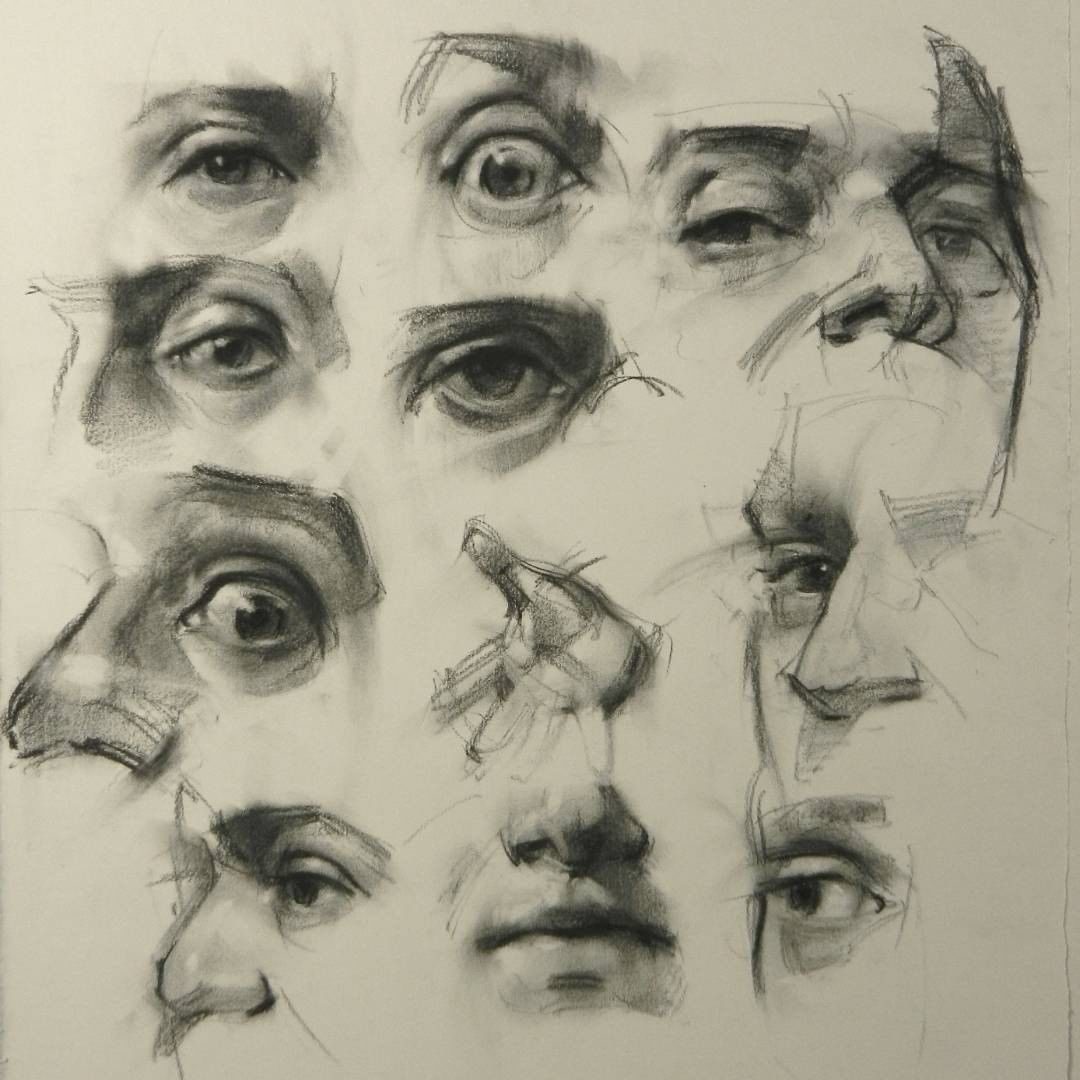 Face Anatomy Drawing High-Quality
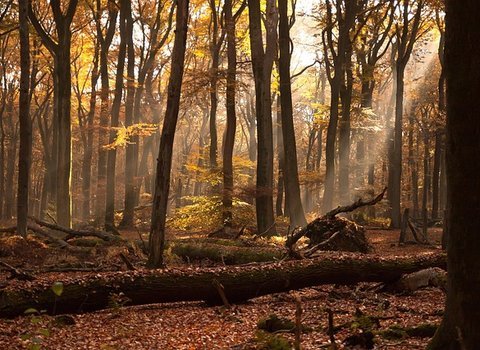 Bäume Silhouette Sonnenuntergang
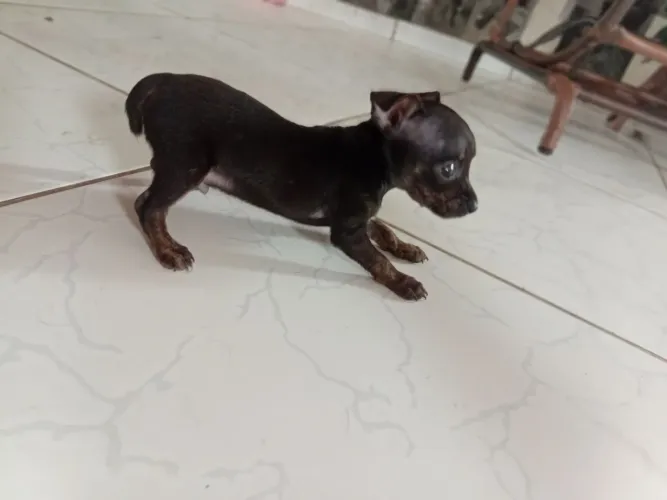Vendo Pinscher 0 macho nasceu dia 30 de abril 700 reais *70)  *79)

---

> TASK STATEMENT
With the pictures left out, write out all of the data exactly.

> TASK RESULT
 Face Anatomy Drawing High-Quality
 Bäume Silhouette Sonnenuntergang
Vendo Pinscher 0 macho nasceu dia 30 de abril 700 reais *70)  *79)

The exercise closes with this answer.